▶ [TASK TO COMPLETE]: Quote, word for word, only the lines running from the line with "Hugo Boss Mens" through the end of the listing. Leave out the pictures.

▶ [STORED DATA]:

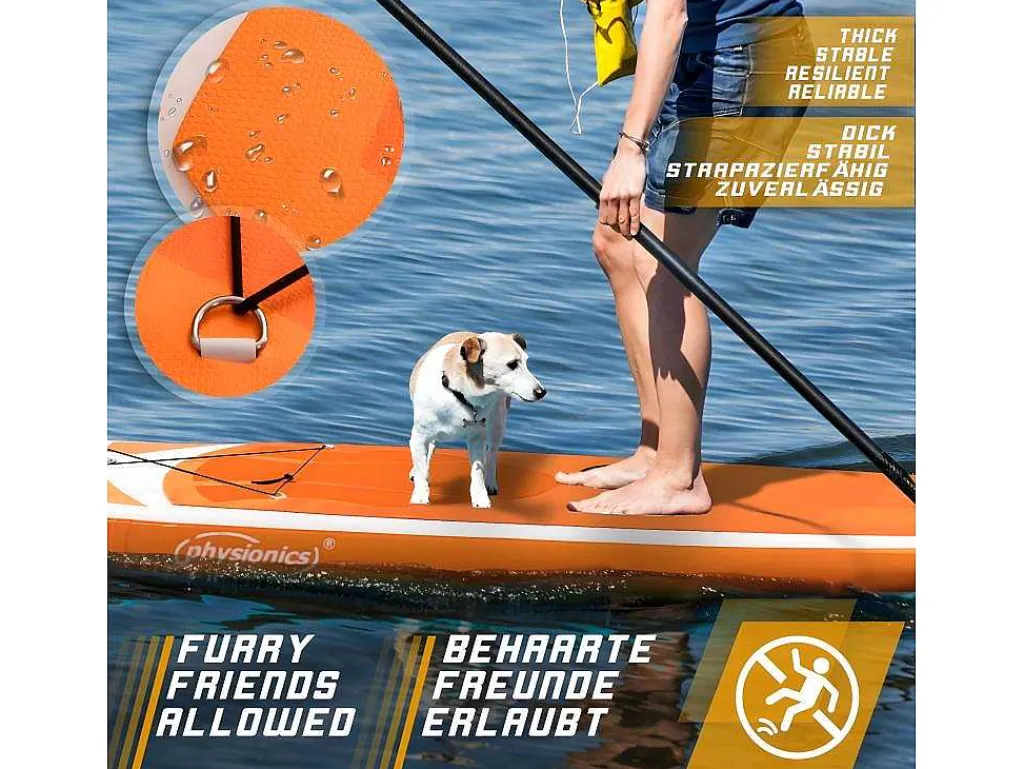 Sup Board Kraken 366 Cm - Oranje - Incl. Accessoires-Vente-unique Discount
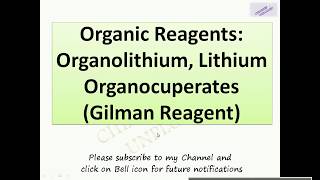 organolithium Lithium organocuperates Gilman Reagent [upl. by Almeida]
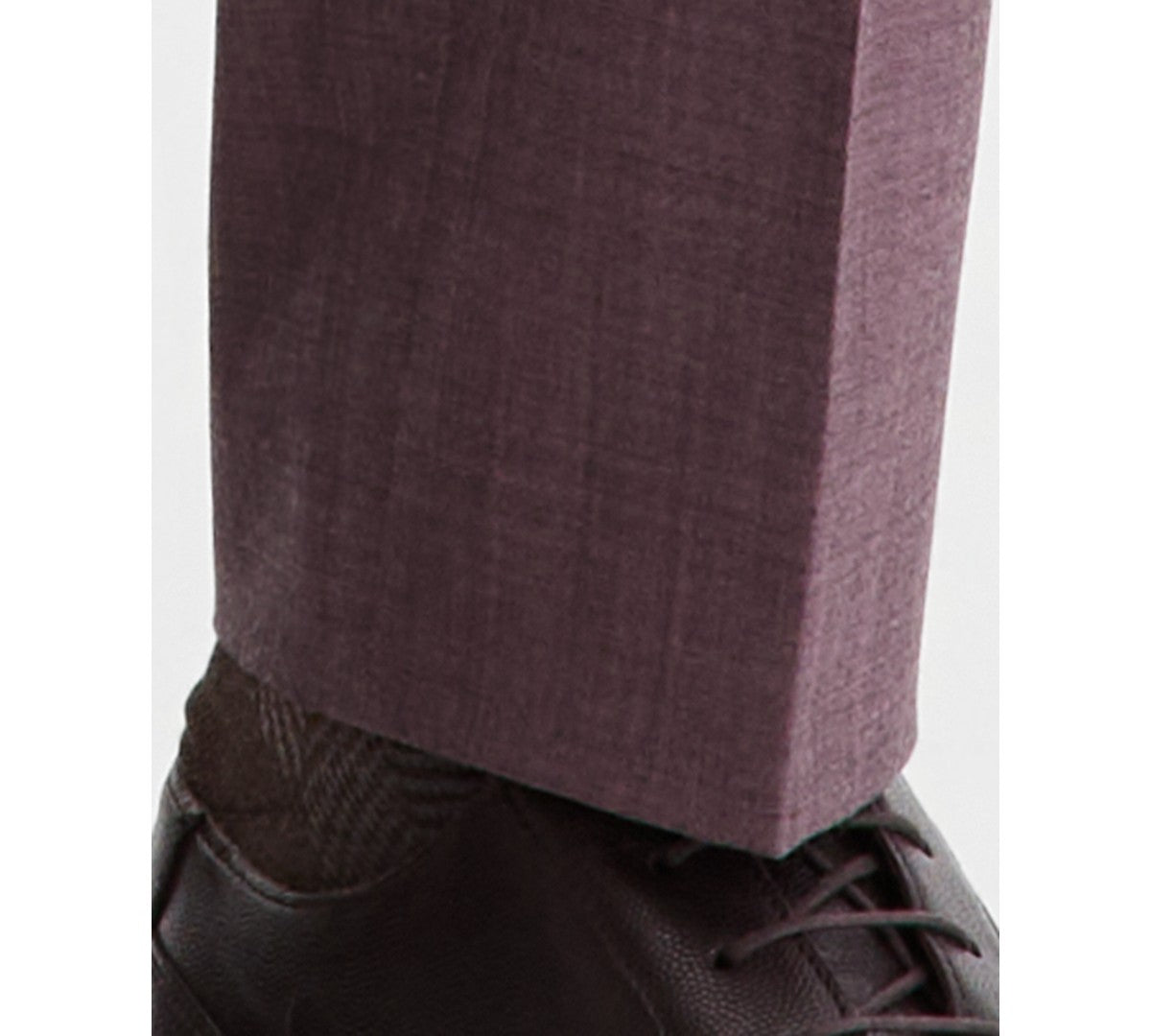 Hugo Boss Mens Modern fit Wool Dress Pants 33 / 32 Brown Solid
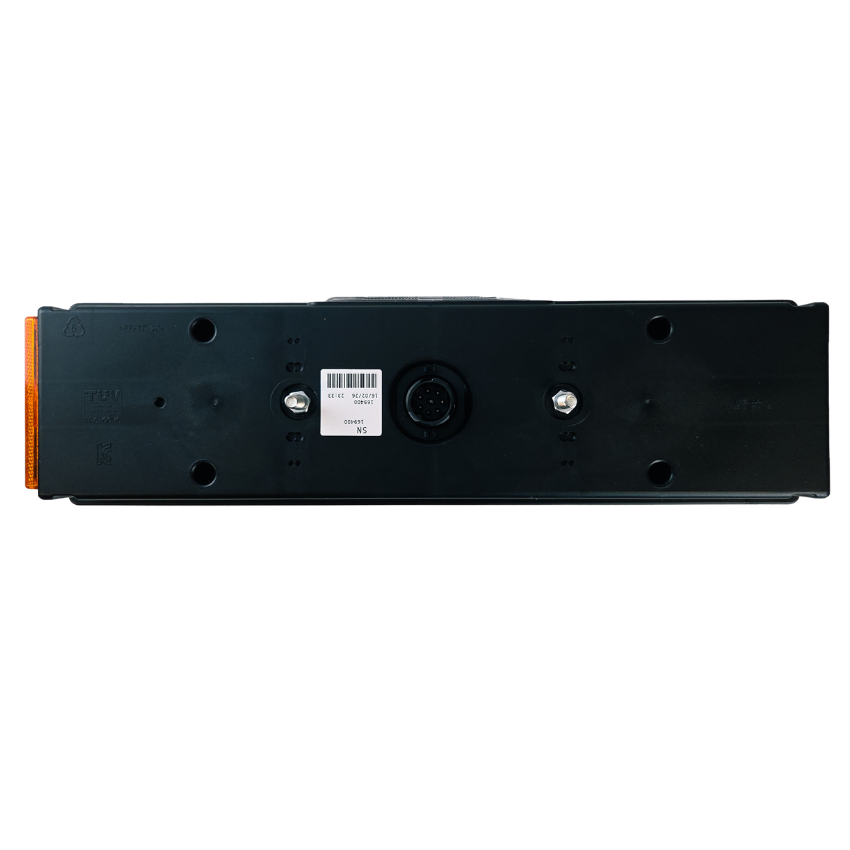 Rear lamp for Iveco Euro6 with license plate light, left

▶ [RESULT OF THE TASK]:
 Hugo Boss Mens Modern fit Wool Dress Pants 33 / 32 Brown Solid
 Rear lamp for Iveco Euro6 with license plate light, left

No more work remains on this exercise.